§ **Work instruction**: Leave out the pictures and output exactly the lines below from the one with "412 Highland Close" down to the one with "10305 Bridgeview Lane, Stockton, CA", both of them included.

§ **Provided material**:

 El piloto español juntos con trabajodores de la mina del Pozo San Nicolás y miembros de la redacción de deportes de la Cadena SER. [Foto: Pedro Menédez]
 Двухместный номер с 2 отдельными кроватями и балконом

...

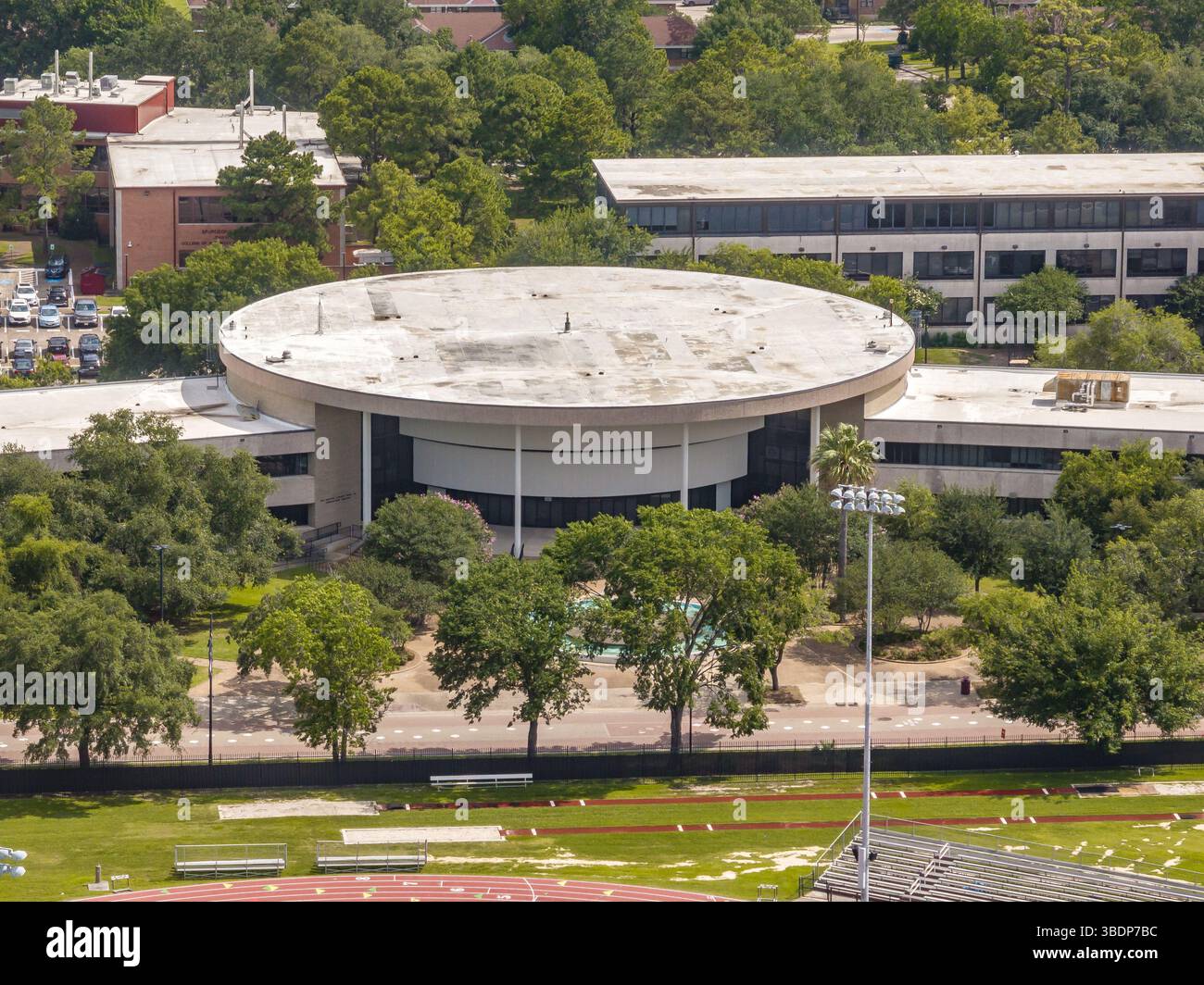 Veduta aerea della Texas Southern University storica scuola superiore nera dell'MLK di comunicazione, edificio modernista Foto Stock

==

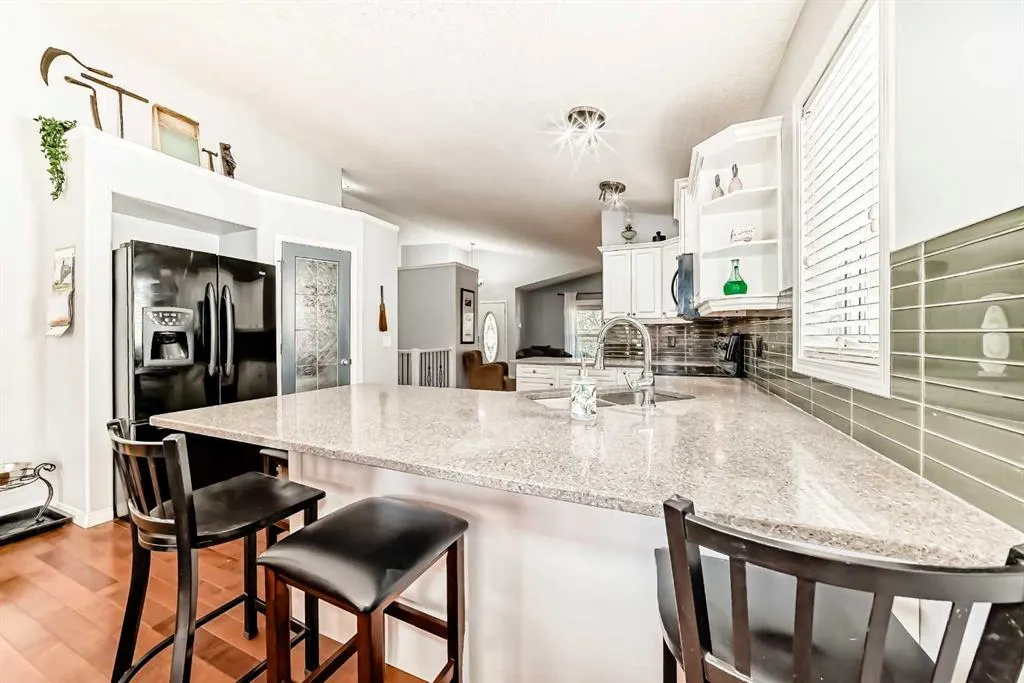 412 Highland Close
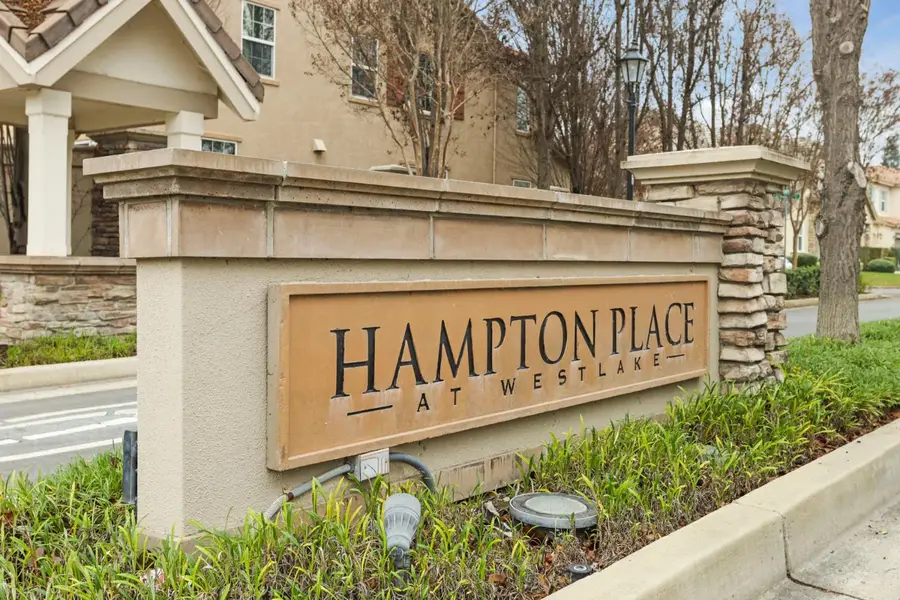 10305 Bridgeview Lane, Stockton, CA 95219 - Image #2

§ **Written response**:
 412 Highland Close
 10305 Bridgeview Lane, Stockton, CA 95219 - Image #2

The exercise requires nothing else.